= Problem to solve =
From the line with "this 1270×952 image." to the final line of the records, every line is to be duplicated exactly, both of those lines included.

### Listed records ###

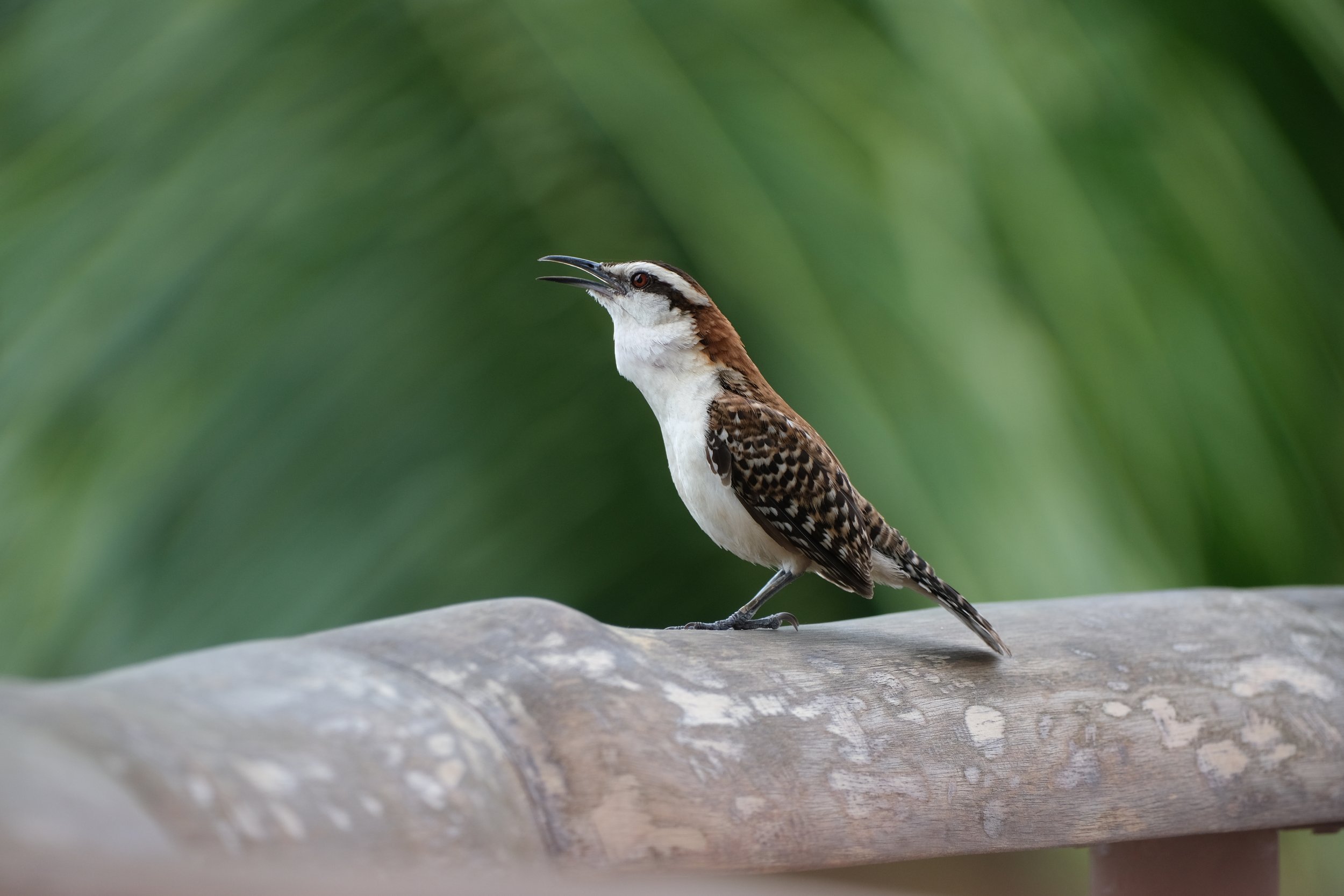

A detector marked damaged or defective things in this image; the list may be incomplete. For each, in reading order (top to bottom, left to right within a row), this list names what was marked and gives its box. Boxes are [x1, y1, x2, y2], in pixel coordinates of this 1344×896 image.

peeling paint [1135, 697, 1204, 744]
peeling paint [1196, 740, 1247, 783]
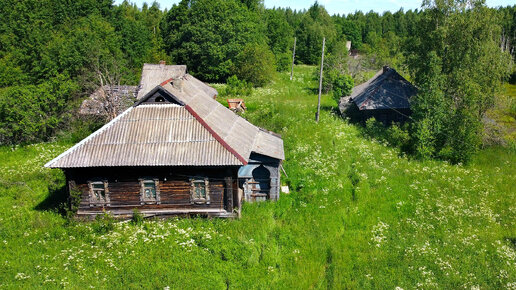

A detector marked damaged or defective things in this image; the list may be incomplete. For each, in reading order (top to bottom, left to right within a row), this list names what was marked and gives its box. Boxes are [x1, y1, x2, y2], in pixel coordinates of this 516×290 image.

rusty metal roof [350, 67, 420, 111]
rusty metal roof [45, 104, 241, 168]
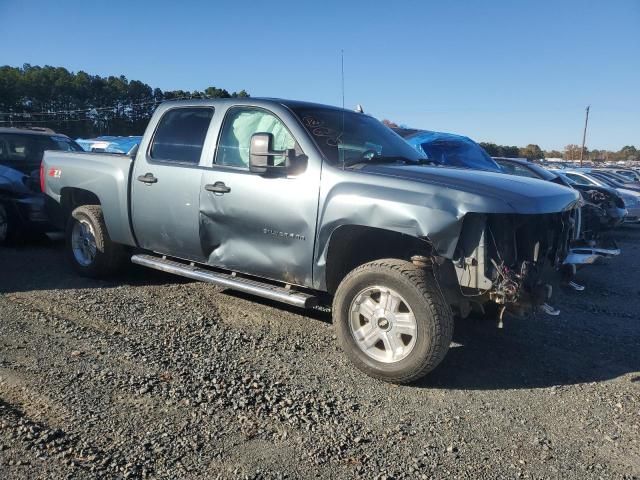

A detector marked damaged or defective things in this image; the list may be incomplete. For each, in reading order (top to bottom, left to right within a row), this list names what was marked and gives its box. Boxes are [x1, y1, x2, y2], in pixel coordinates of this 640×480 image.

damaged chevrolet silverado [41, 99, 580, 384]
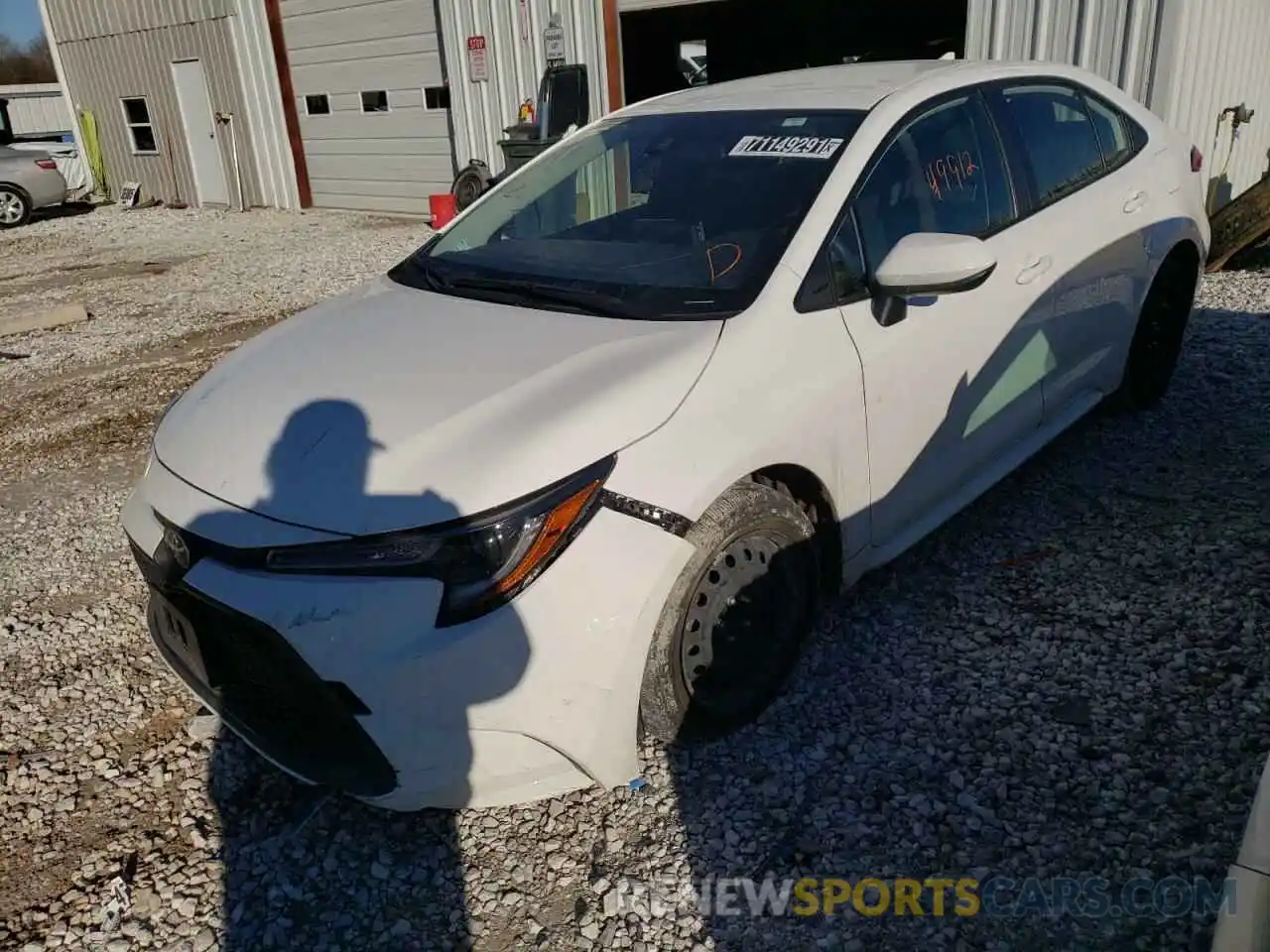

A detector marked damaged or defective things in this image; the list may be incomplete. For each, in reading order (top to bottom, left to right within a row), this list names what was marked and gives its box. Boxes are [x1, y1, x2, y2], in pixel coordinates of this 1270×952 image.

missing front license plate area [150, 594, 209, 690]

###

= Completed task =
A detector marked damaged or defective things in this image; the list may be incomplete. For each, in reading order (top to bottom, left to right within a row), this list names what was marked and gives its box. Boxes are [x1, y1, x2, y2], in pixel coordinates of this 1270×952 image.

missing front license plate area [150, 594, 209, 690]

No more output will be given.